The required output is an exact restatement of the lines, starting with the one that contains "Aangepaste zakelijke QR-code" and finishing with the last line of the listing. It contains no pictures.

§ Raw data:
---*---

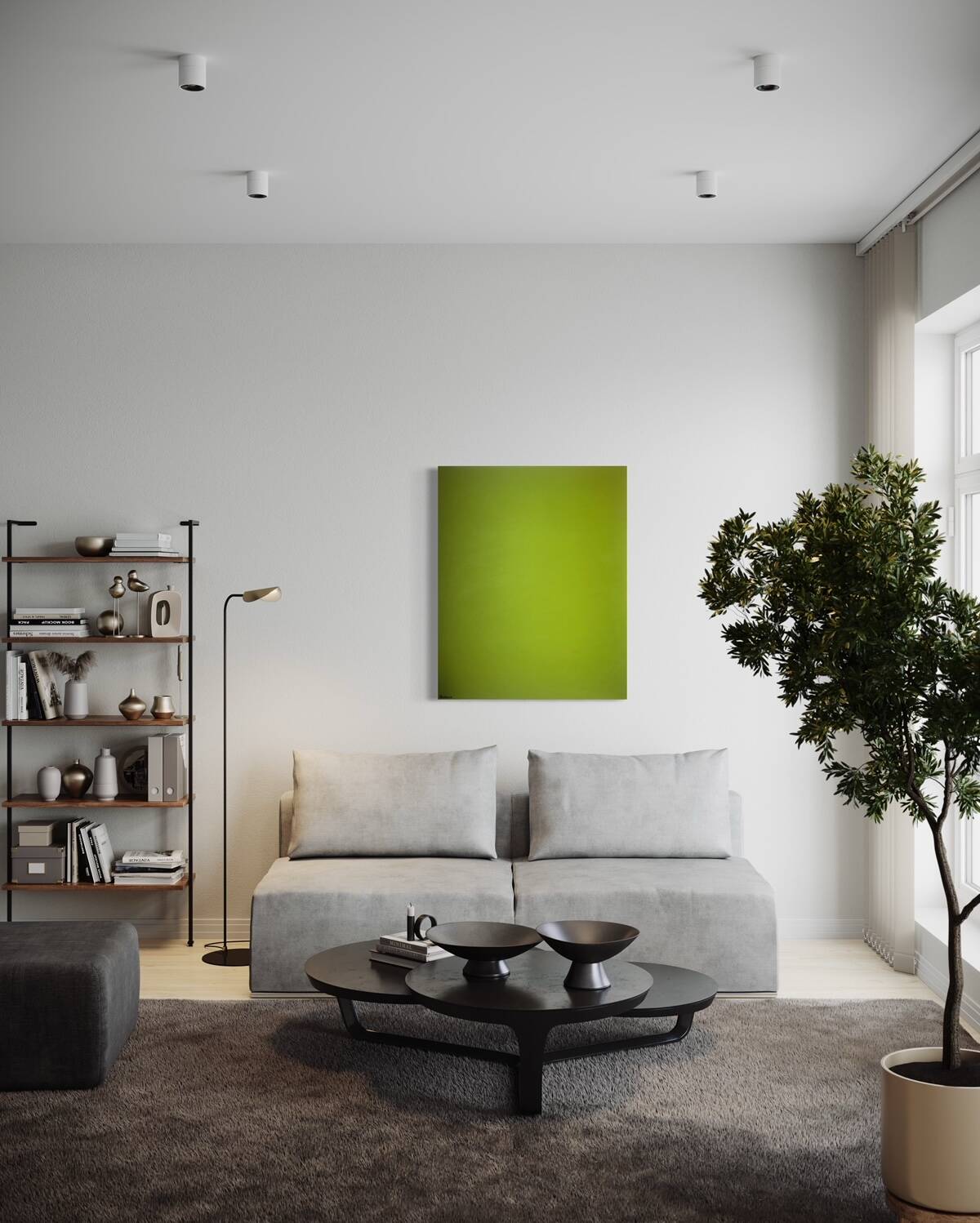 Abstract Monochrome anise green 100x81 cm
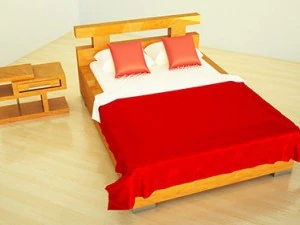 bed with lap side table 3D Model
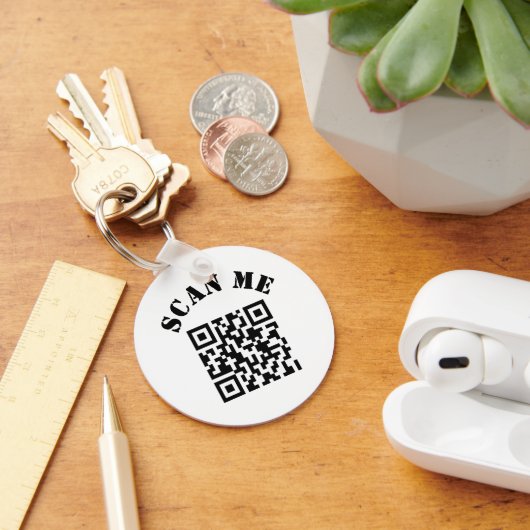 Aangepaste zakelijke QR-code voor speciale acties Sleutelhanger (Bureau)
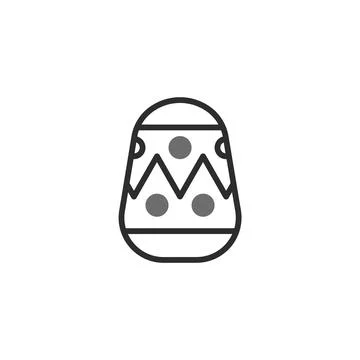 Outlined easter egg icon with geometric accents and muted colors for design.. Stock Illustration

---*---

§ Reply:
 Aangepaste zakelijke QR-code voor speciale acties Sleutelhanger (Bureau)
 Outlined easter egg icon with geometric accents and muted colors for design.. Stock Illustration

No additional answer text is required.